BA (Melbourne), BPhil (Oxford)
(Deceased), 2014-06-28
Economics
1975
Alan Howard Boxer
1927–2014
Alan Boxer was born in 1927 in Hong Kong, where his father was a missionary and later registrar of Hong Kong University. At the outbreak of the war with Japan, together with his mother and sister, he was evacuated to Melbourne where he attended Scotch College and matriculated in 1945 as dux of the college. In residence at Queen’s College from 1946 to 1949, he graduated with first class honours in arts at the University of Melbourne and was awarded the Wyselaskie Scholarship in political economy. He proceeded to do a BPhil at Christchurch, Oxford, returning to a lectureship in economics at the University of Melbourne in 1952. He was promoted to senior lecturer in 1959 and reader in 1967
Apart from teaching, Alan carried a number of administrative duties—including sub-dean of the Faculty of Economics and Commerce, chair of the Board of Studies in Public Administration, chief examiner in matriculation economics, and chair of the Victorian Universities and Schools Examination Board.
He was associated with the Economic Record, successively as review editor, associate editor and joint editor, for 15 years.
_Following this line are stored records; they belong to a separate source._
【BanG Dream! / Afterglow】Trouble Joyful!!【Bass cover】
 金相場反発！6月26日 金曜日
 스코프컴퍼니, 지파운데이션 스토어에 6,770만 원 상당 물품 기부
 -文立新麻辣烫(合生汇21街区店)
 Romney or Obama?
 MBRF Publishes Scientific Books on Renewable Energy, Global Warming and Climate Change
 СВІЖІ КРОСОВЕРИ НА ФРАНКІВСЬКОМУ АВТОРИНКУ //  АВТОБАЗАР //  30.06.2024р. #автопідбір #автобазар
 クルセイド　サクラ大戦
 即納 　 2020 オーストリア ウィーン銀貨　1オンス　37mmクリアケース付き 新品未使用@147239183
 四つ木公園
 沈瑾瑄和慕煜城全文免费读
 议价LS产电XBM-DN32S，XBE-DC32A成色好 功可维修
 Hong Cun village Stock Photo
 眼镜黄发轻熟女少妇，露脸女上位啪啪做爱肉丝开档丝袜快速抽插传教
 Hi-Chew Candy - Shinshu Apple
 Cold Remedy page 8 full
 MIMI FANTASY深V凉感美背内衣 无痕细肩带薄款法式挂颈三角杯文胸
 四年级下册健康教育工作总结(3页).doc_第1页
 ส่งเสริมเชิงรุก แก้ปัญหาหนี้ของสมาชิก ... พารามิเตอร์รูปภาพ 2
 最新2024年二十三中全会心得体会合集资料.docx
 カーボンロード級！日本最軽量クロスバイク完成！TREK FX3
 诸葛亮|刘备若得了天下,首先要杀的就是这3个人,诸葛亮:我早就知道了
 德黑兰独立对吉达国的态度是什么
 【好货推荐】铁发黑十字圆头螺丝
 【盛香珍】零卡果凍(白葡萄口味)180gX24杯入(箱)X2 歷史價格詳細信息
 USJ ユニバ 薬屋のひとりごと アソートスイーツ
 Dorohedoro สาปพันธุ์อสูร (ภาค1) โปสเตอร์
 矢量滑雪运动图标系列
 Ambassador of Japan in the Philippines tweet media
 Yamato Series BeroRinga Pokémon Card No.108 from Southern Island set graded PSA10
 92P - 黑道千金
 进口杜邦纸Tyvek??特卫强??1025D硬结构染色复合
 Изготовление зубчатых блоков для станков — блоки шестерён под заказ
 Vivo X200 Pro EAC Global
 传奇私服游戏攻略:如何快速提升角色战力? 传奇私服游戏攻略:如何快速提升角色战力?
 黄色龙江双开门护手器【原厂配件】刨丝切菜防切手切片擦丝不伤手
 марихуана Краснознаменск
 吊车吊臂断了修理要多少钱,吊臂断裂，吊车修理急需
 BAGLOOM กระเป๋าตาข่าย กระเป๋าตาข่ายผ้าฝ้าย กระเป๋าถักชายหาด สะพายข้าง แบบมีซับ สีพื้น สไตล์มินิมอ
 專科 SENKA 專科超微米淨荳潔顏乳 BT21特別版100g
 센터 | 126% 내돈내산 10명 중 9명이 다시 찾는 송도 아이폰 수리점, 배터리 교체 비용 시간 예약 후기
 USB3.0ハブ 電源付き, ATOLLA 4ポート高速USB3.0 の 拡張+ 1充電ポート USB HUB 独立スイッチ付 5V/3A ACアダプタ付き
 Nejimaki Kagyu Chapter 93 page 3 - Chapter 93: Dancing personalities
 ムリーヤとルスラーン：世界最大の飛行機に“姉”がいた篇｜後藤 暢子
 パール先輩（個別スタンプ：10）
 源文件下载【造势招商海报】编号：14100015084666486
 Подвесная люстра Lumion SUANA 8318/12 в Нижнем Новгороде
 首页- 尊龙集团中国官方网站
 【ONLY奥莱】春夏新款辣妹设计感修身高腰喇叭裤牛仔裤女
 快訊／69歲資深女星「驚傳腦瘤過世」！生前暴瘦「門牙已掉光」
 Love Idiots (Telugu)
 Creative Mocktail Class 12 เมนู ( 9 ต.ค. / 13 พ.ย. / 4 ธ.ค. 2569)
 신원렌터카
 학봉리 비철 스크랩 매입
In a tribute to him on his retirement from the journal, the editor, Richard Downing, wrote ‘The Economic Society owes him an enormous debt. Its tally is recorded in the high quality, the immaculate presentation and the balanced content of the issues of the Economic Record from December 1961 to June 1975’. His contribution is best appreciated by those who shared joint editorship with him, as became all the more evident when Alan’s move to Canberra caused some interruptions to his availability. He readily accommodated moves to widen the sources of referee advice, both within Australia and internationally, while remaining concerned that increasing mathematical and technical content might erode the broader Australian readership base of the Record, an issue that has proved a continuing one for later editors.
He was an effective communicator as a teacher and a writer. Although wide-ranging in his teaching duties and his research work, Alan developed a special interest in taxation. While his special interest in public finance was well known to students, less so was his teaching of international economics to honours students at a time, the early fifties, when this was not regarded as a strength of the Melbourne department.
Together with Richard Downing and Heinz Arndt, he co-authored in 1964 Taxation in Australia: Agenda for Reform. He also edited and contributed to a number of books mostly on aspects of the Australian economy. He later assisted the Commonwealth Taxation Review Committee (Asprey Committee) which reported in 1975. He was elected Fellow of the Academy of the Social Sciences in Australia in 1974 to mark his academic standing.
His expertise on taxation matters led to his appointment to the Commonwealth Treasury in 1975 as Assistant Secretary in the General Financial and Economic Policy Division. He was promoted in 1977 to First Assistant Secretary. In 1980 he was seconded to the Australian Financial System Inquiry and was posted in the following year to Tokyo as Minister (Financial). He returned to the Treasury in 1984 as Assistant Secretary Level 2 in the Taxation Policy Division until his retirement in 1986.
He occupied his retirement by pursuing his interest in Australian art, adding to his collection, begun in the 1950s, of artists including Arthur Boyd, John Percival and Sydney Nolan among others, a large number of indigenous paintings. Alan made his decisions about art purchases swiftly and privately. Those of us who accompanied Alan on lunchtime visits to galleries would usually find his ‘stickers’ already on his chosen pieces. He was also active in trading earlier purchases for new works. He contributed a paper on the Australian art market to an Economic Society forum on the arts, published in Economic Papers in 1971. Part of the Boxer Collection, one of the best private collections in Australia, was exhibited in a number of capital cities. The ANU published Crossing Cultures Art from the Boxer Collection when his collection was exhibited at the ANU. He left much of his collection to the National Gallery of which he was for a time a guide.
His friends and colleagues remember him as a warm, gentle, kind and generous person. He was in poor health in his last few years. He died on 28 June 2014 at the age of 86.